Saunders, 25, is currently living with family in Woodstock and making that 160-minute commute twice a week. He is from Vermont and graduated from Woodstock Union High School in 2015 and Champlain College in 2020. He stayed in Burlington after graduation and was hired by Sugarbush in March 2021.
“When I was hired, my team was almost entirely remote and I came on at the end of the season. When we started coming back to the office I was commuting from Burlington and started looking for housing here,” he said.
His lease in Burlington ended in August and right before it ended he learned he’d need knee surgery (and couldn’t ski during the 2021-22 ski season) so he opted to move back in with his family to have the support after the surgery.
“Now I’m at at the point where I'm looking for housing in The Valley for the 2022-23 ski season. I've started my search now because i know it's going to be a long process. I check Craigslist and Zillow and there is almost no housing stock available in The Valley. There are sometimes some summer rentals which end before November,” Saunders explained.
“I would absolutely take a year-round lease if I could find one. I’m not quite at the point where I can afford to buy a house. The more money I spend renting, the more money is flushed down the toilet and there’s nothing available to purchase here,” he said.
$20 IN GAS
On the days when he drives from Woodstock to Warren, it costs $20 in gas and he has real concerns about the environmental impacts of burning all that fossil fuel.
Sugarbush’s parent company, Alterra Resorts, is currently conducting energy audits of all of its resorts, Saunders said.
“I appreciate that and one of the things they’re looking at is employee commuting and I’m interested in that,” he said.
Saunders said that the housing crisis cannot be laid solely at the feet of elected officials.
“The community needs to address this. Vermont is built around these small communities. Culturally, we need to come together and decide what to do. The towns in The Valley need to start thinking long term about the housing crisis, so infrastructure systems, like the 2008 wastewater system in Waitsfield that was voted down, can support a growing population,” he said.

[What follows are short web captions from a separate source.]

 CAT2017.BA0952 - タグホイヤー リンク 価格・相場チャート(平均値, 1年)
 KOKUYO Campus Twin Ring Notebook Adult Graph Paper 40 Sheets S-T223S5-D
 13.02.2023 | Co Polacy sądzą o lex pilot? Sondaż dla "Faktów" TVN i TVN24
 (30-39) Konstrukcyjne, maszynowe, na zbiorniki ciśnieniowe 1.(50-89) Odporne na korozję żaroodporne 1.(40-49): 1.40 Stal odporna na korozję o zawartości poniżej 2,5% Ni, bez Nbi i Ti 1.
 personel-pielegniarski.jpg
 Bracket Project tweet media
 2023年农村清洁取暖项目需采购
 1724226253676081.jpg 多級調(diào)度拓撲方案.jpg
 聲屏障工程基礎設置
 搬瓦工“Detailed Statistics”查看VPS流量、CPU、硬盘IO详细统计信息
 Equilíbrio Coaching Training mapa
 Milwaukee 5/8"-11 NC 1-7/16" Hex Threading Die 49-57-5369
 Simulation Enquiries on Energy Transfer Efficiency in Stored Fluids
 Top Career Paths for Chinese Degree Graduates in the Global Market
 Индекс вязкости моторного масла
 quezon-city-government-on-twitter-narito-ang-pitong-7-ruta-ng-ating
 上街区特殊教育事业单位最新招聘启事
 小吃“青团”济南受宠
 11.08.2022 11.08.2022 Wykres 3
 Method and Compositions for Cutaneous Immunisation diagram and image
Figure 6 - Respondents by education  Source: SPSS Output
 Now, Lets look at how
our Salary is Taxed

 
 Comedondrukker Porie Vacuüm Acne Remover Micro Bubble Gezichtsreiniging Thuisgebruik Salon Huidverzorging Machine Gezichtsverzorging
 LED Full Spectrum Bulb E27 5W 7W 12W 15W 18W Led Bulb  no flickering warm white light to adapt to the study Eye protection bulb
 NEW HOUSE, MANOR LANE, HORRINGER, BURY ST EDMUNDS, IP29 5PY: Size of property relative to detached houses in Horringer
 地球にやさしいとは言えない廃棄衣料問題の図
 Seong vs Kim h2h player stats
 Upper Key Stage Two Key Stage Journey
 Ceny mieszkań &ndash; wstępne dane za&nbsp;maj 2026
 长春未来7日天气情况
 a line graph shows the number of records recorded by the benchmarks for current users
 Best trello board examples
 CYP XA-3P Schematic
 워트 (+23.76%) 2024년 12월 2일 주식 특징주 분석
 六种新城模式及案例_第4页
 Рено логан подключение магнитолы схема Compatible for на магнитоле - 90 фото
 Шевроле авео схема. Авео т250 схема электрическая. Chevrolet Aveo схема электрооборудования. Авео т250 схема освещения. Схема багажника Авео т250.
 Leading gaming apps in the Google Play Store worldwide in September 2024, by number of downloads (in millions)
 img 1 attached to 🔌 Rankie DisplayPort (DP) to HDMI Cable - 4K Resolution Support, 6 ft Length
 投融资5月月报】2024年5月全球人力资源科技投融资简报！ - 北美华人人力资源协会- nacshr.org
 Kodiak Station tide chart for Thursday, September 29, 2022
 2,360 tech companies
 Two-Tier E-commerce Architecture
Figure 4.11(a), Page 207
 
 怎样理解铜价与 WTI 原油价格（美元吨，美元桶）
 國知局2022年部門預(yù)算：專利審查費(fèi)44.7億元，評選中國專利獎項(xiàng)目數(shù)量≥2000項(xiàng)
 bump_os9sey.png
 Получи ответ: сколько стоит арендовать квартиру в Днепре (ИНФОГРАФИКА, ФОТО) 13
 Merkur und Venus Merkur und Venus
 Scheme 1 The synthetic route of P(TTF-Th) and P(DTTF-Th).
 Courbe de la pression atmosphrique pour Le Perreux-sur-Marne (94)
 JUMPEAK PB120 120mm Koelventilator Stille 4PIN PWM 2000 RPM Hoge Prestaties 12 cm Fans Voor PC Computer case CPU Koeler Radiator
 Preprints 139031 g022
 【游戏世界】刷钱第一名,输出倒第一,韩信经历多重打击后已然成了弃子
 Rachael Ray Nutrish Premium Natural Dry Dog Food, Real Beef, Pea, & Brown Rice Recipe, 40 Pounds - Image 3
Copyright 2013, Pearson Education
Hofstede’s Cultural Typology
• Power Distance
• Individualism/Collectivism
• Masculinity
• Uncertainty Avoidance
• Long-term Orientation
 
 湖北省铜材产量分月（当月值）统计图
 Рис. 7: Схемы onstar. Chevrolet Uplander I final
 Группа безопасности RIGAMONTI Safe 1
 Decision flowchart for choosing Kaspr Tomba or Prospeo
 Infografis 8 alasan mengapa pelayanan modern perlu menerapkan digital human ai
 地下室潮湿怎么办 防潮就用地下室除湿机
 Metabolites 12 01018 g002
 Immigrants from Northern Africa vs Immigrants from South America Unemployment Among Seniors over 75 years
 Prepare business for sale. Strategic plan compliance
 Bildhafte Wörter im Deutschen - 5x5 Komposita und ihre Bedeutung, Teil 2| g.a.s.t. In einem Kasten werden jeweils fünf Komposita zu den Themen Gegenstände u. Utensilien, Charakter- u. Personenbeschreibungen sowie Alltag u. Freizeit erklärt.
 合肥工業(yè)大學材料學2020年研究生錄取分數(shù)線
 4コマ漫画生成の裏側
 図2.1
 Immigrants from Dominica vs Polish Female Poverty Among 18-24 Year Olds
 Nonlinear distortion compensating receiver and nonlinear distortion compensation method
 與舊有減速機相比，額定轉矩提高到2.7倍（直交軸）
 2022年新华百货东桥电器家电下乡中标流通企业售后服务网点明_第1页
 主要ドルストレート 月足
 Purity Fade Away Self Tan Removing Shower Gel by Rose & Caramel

“It also brings into question the zoning regulations and Vermont, in general, has so much land zoned for single-family homes and that is not efficient or affordable for people who are not earning large amounts of money. We will see the population of Vermont grow over the next 50-100 years and it’s important to think about where we want our housing to be. Do we want to allow forests to become denuded for housing or keep our compact town and village centers with multi-family housing?” he asked.
Saunders keeps an eye on Airbnb and said there’s a lot of short-term rentals available in The Valley.
“Communities and towns will need to come together and decide if limits will be placed on the number of Airbnbs that are allowed. We have a quantifiable amount of units available for housing. If there’s a way to shift that around to support long-term rentals through a higher tax rate for them, that might incentivize more landlords to move toward long-term rentals,” he said.